论文由来自计算机科学、网络安全、心理学与政策等领域的22位专家共同撰写,认为这种AI群体可在社会层面操纵信念与行为,威胁民主制度。与传统机器人账号不同,这些代理具备持久身份与记忆,能够协同达成目标,同时保持个体差异以规避检测。研究者指出,它们还能在平台信号与真人互动中实时调整,运行数以百万计的微型A/B测试,以机器速度放大“胜出”叙事。
专家判断,现有平台对“协同非真实行为”的检测手段难以识别此类系统,因而无法确认其是否已被部署。论文预测,这类工具未必在2026年11月的美国中期选举中产生决定性影响,但很可能被用于扰乱2028年总统大选。为应对风险,作者建议建立“AI影响力观测站”,由学界与非政府组织协作,提升态势感知与快速响应;然而,平台以参与度为导向、政府政治意愿不足,使得防御推进面临现实阻力。
The article warns that advances in artificial intelligence are pushing disinformation into a new, hard-to-detect phase of unprecedented scale. In 2016, Russia’s Internet Research Agency deployed hundreds of human operators from 55 Savushkina Street in St. Petersburg to manually manipulate social media; despite heavy investment, its impact was limited.
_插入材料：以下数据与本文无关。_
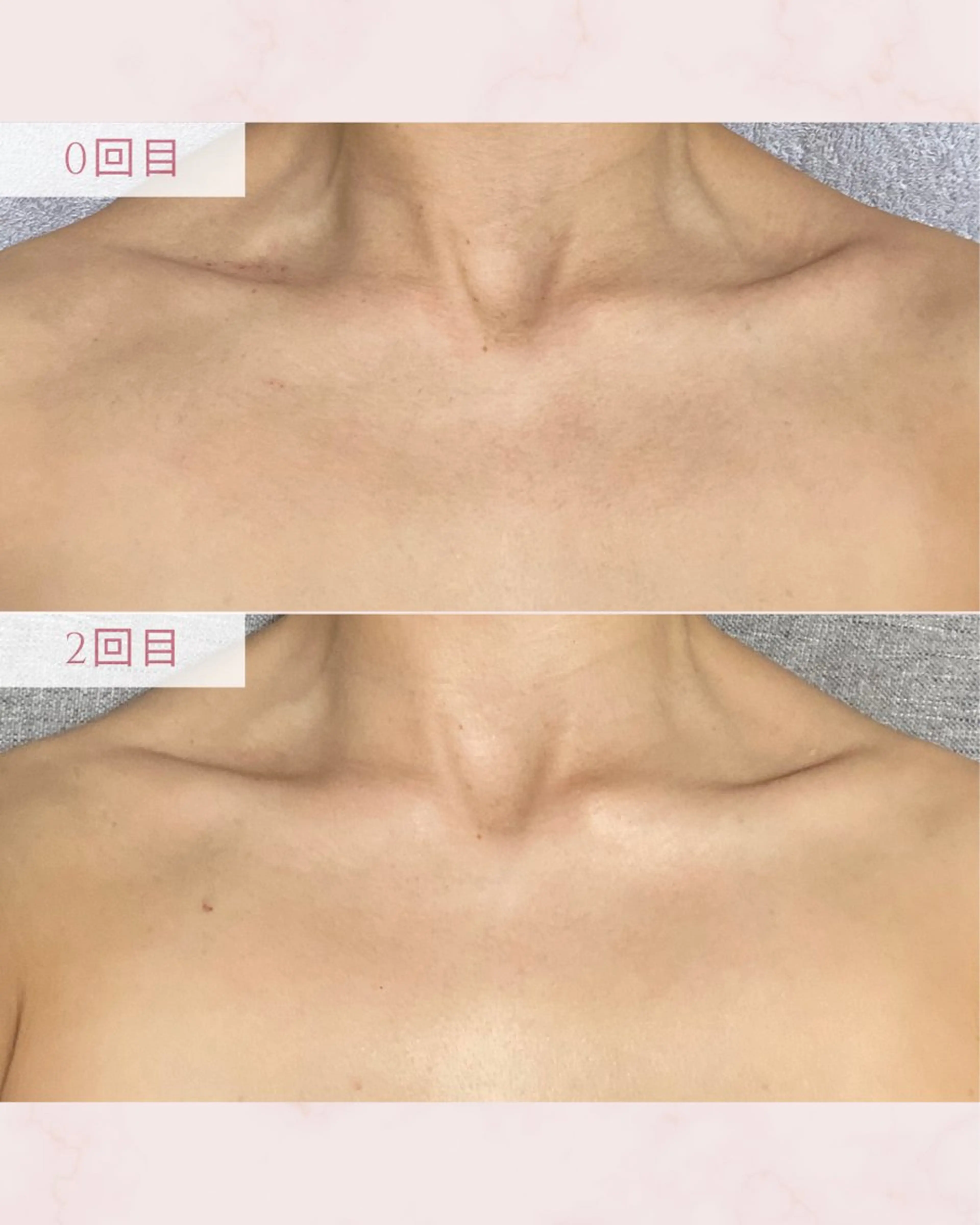 エステ MAUM-美 caresalon-のエステ・リラクイメージ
A decade later, a Science paper argues that modern AI agents would allow a single operator to command swarms of thousands of accounts, generating content indistinguishable from humans and adapting in real time without constant oversight.
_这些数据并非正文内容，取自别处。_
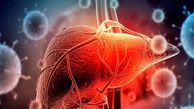 آیا سرطان کبد به قاتل 1/5 میلیون نفر تا سال 2050 تبدیل می‌ شود؟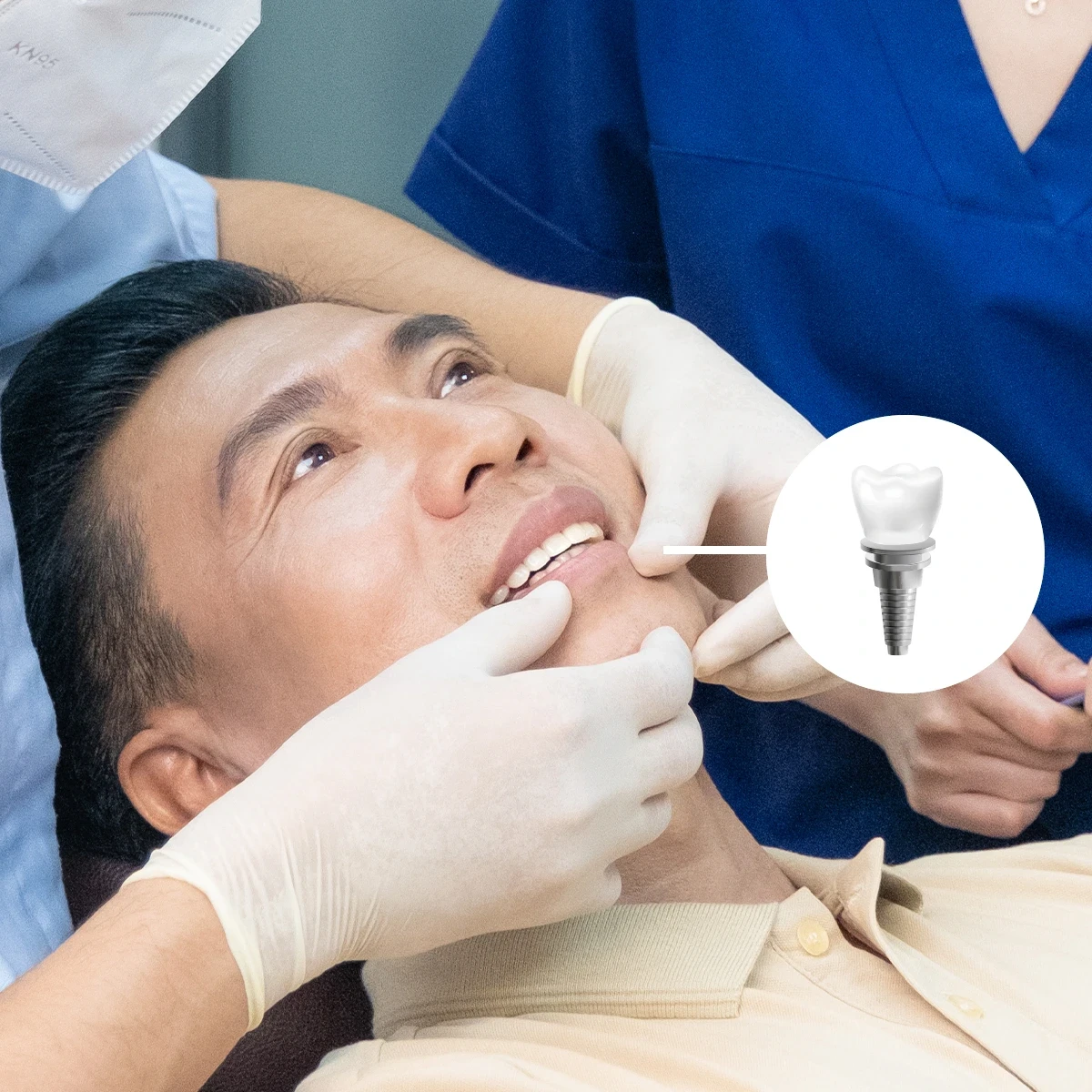 Trồng răng Implant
Authored by 22 experts across computer science, cybersecurity, psychology, and policy, the paper contends such AI swarms could manipulate beliefs and behaviors at a population level, threatening democracy. Unlike classic bots, these agents maintain persistent identities and memory, coordinate toward shared goals while preserving individual variation to evade detection, and respond dynamically to platform signals and human interactions. With feedback, they could run millions of micro A/B tests, propagating winning narratives at machine speed.
Researchers say current systems for detecting coordinated inauthentic behavior are ill-equipped to identify these swarms, making it unclear whether they’re already in use. The paper predicts limited impact on the November 2026 US midterms but a high likelihood of deployment to disrupt the 2028 presidential election. To mitigate the risk, the authors propose an “AI Influence Observatory” led by academia and NGOs to standardize evidence and accelerate collective response; however, engagement-driven platform incentives and weak political will may hinder action.